### Exercise directions
Your task is to give the listing below back word for word, pictures excluded.

### Materials provided
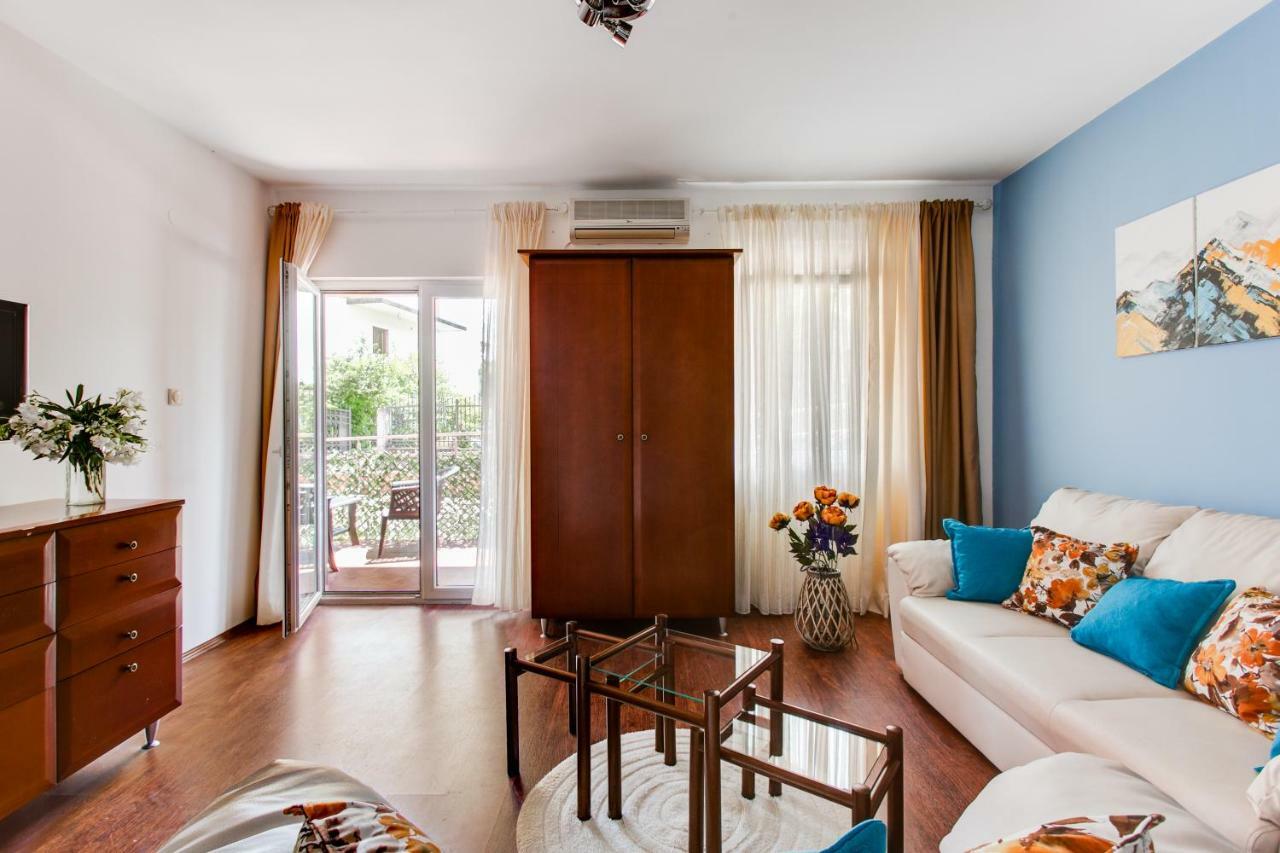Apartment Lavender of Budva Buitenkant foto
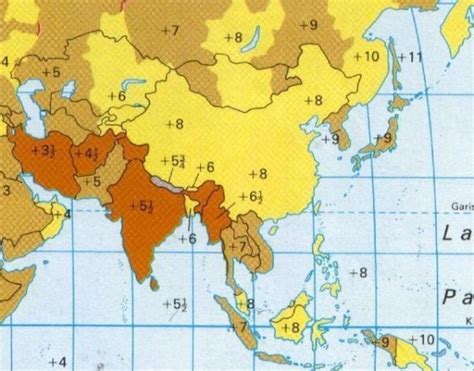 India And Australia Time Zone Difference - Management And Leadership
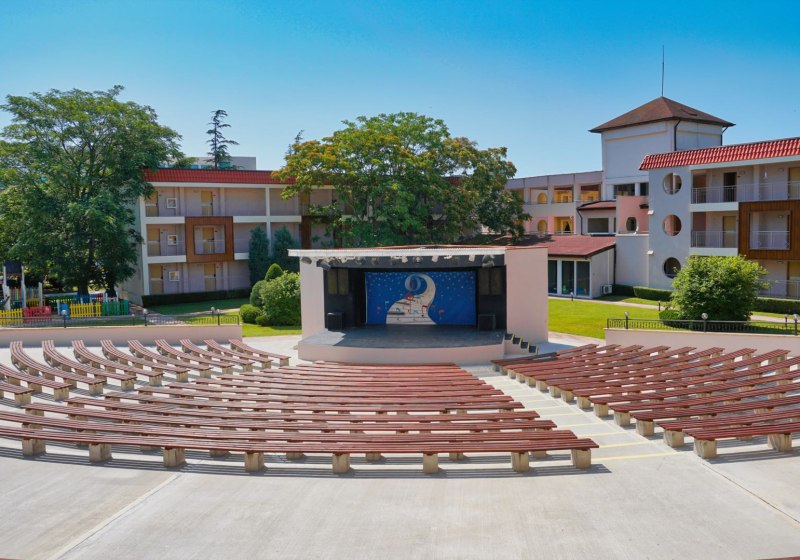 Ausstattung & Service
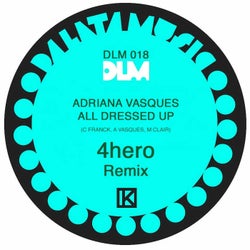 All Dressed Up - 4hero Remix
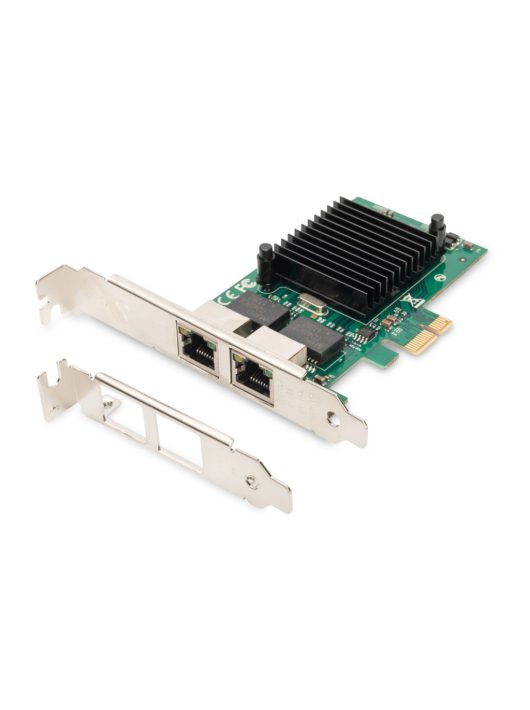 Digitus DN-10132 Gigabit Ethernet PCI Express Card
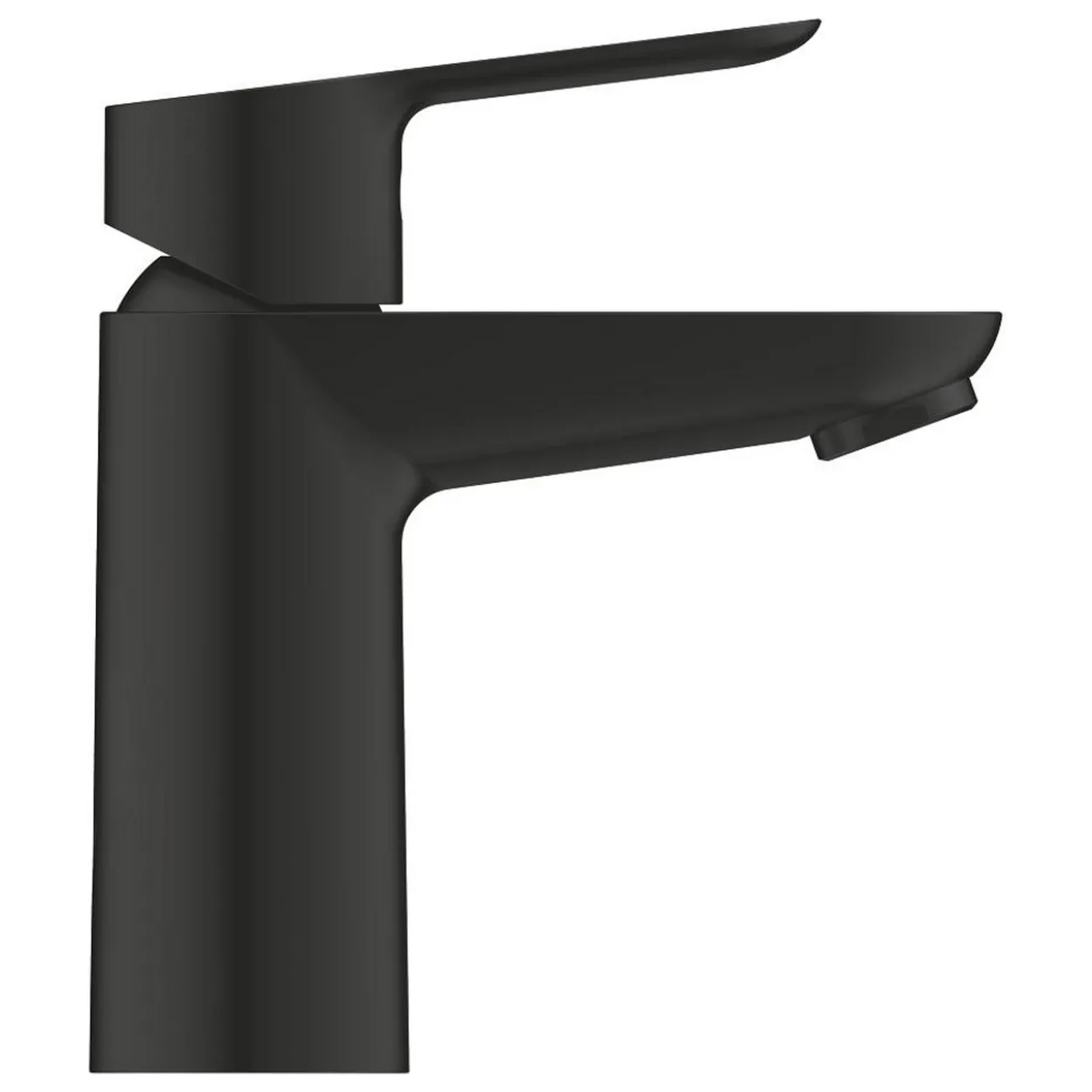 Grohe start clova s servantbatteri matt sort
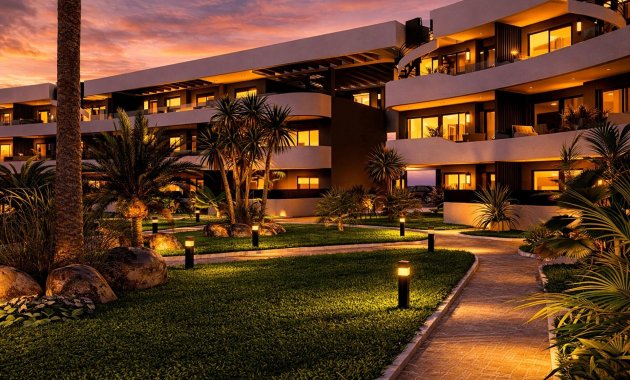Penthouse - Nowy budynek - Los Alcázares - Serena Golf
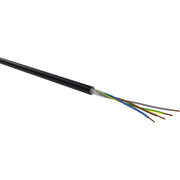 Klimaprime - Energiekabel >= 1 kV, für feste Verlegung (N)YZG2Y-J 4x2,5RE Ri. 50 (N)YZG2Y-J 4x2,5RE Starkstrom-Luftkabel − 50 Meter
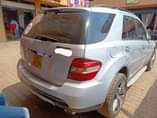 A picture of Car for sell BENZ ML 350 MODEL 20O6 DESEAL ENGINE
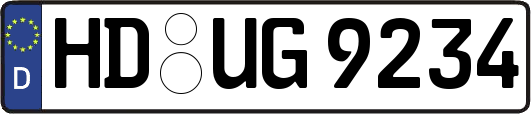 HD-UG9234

### Answer for the task
Apartment Lavender of Budva Buitenkant foto
 India And Australia Time Zone Difference - Management And Leadership
 Ausstattung & Service
 All Dressed Up - 4hero Remix
 Digitus DN-10132 Gigabit Ethernet PCI Express Card
 Grohe start clova s servantbatteri matt sort
Penthouse - Nowy budynek - Los Alcázares - Serena Golf
 Klimaprime - Energiekabel >= 1 kV, für feste Verlegung (N)YZG2Y-J 4x2,5RE Ri. 50 (N)YZG2Y-J 4x2,5RE Starkstrom-Luftkabel − 50 Meter
 A picture of Car for sell BENZ ML 350 MODEL 20O6 DESEAL ENGINE
 HD-UG9234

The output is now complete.